WORK INSTRUCTION ▸
Take the records below and set down exactly the lines from the one with "Hawaii Outrigger Canoe" to the one with "Малый комод с", ends included; do not copy the pictures.

*** Opening INFORMATION GIVEN ***

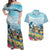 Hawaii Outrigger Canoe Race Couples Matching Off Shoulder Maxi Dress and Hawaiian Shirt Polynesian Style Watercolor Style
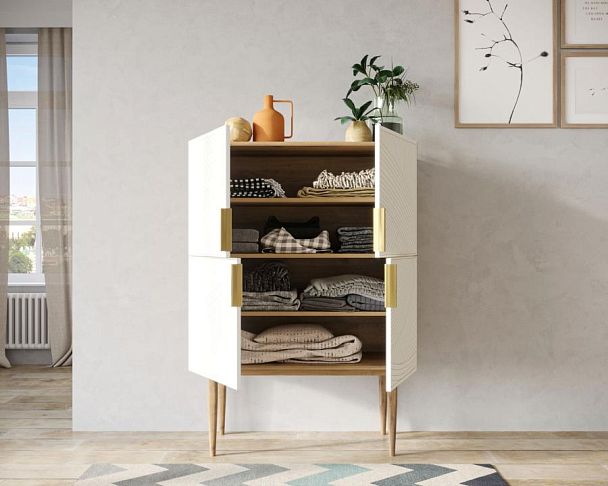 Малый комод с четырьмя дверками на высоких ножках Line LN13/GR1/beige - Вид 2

*** Closing INFORMATION GIVEN ***
*** Opening INFORMATION GIVEN ***

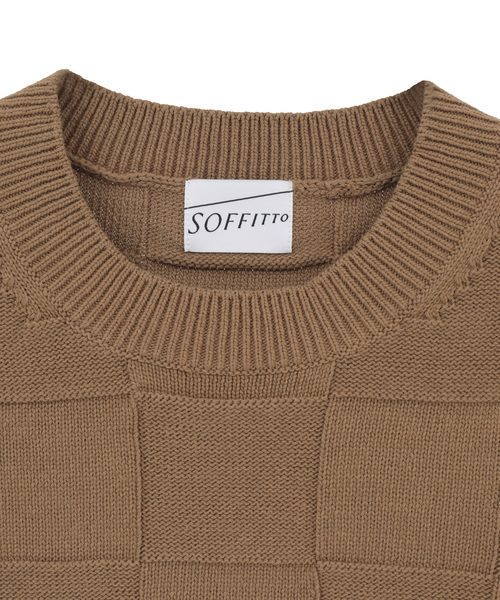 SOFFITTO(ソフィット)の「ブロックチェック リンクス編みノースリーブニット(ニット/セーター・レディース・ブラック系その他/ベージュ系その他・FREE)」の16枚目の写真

*** Closing INFORMATION GIVEN ***

WRITTEN SOLUTION ▸
 Hawaii Outrigger Canoe Race Couples Matching Off Shoulder Maxi Dress and Hawaiian Shirt Polynesian Style Watercolor Style
 Малый комод с четырьмя дверками на высоких ножках Line LN13/GR1/beige - Вид 2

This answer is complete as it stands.